The new decree framing the ban on the sale of fruit and vegetables packaged in plastic was published on June 20, 2023. As of July 1, this ban will be enforced, with an exception for 29 fruits and vegetables, as well as for ripe fruit.
This decree is in the application of the Agec law, which bans the retail sale of fresh fruit and vegetables in plastic packaging from January 1, 2022, except when packaged in batches of more than 1.5 kg.
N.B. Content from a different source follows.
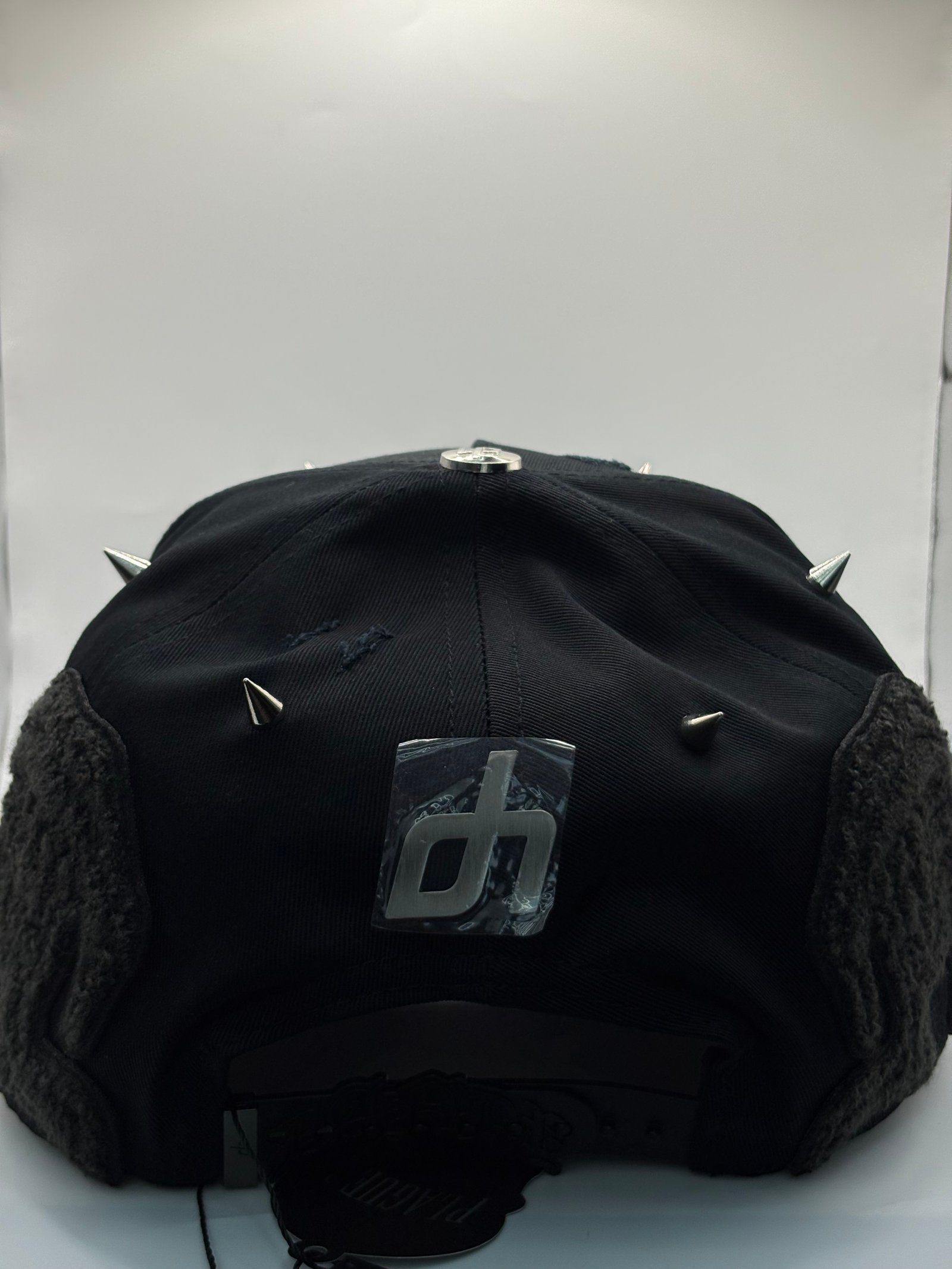 Dandy Plague 2.0 - foto 4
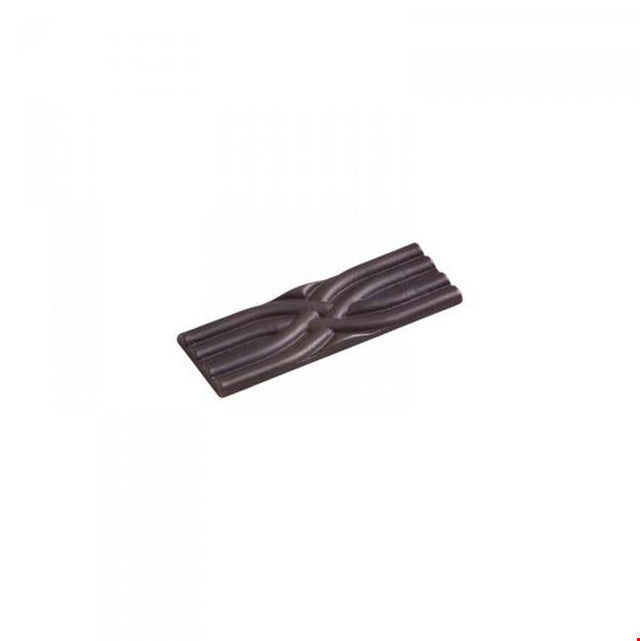 Rocky Mountain Hardware - Tile Tile, Wire Weave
The law provides for exemptions for "fruit and vegetables presenting a risk of deterioration when sold in bulk" / © Chamussy/SIPA.
This new decree follows the Council of State's annulment on December 9, 2022, of a decree published in October 2021, which provided for a gradual reduction in the list of fruit and vegetables authorized for sale in plastic packaging, and granted an exemption from the rule until June 2026 for certain particularly fragile products.
The new text lists 29 fruits and vegetables exempt from the ban because they "present a risk of deterioration when sold in bulk," in addition to ripe fruit ("sold to the end consumer at full maturity") and sprouted seeds.
Endive, asparagus, broccoli, mushrooms, early potatoes, early carrots, and baby carrots;
Lettuce, lamb's lettuce, young shoots, aromatic herbs, spinach, sorrel, edible flowers, mung bean sprouts;
Cherries, cranberries, lingonberries, and cape gooseberries;
Raspberries, strawberries, blueberries, blackberries, redcurrants, elderberries, surettes and redcurrants, blackcurrants, and kiwis.
Packaging "composed entirely or partly of plastic" remains authorized until December 31, 2023, in order to allow packaging stocks to be used up.
The decree also specifies that "elastics necessary for grouping several small fruits or vegetables, such as those presented for sale with tops (radishes, carrots...) or aromatic herbs, remain authorized."
"This decree only clears the doubts raised by the Council of State's decision, but we hope that it will be consistent with the forthcoming decision of the European Commission, on which all eyes are now focused," explains a packaging manufacturer. This decision is expected around mid-December of this year. "It would be good to have uniform regulations for the European system, and at the same time, we can legitimately assume that the future European text will be equivalent to the one in France."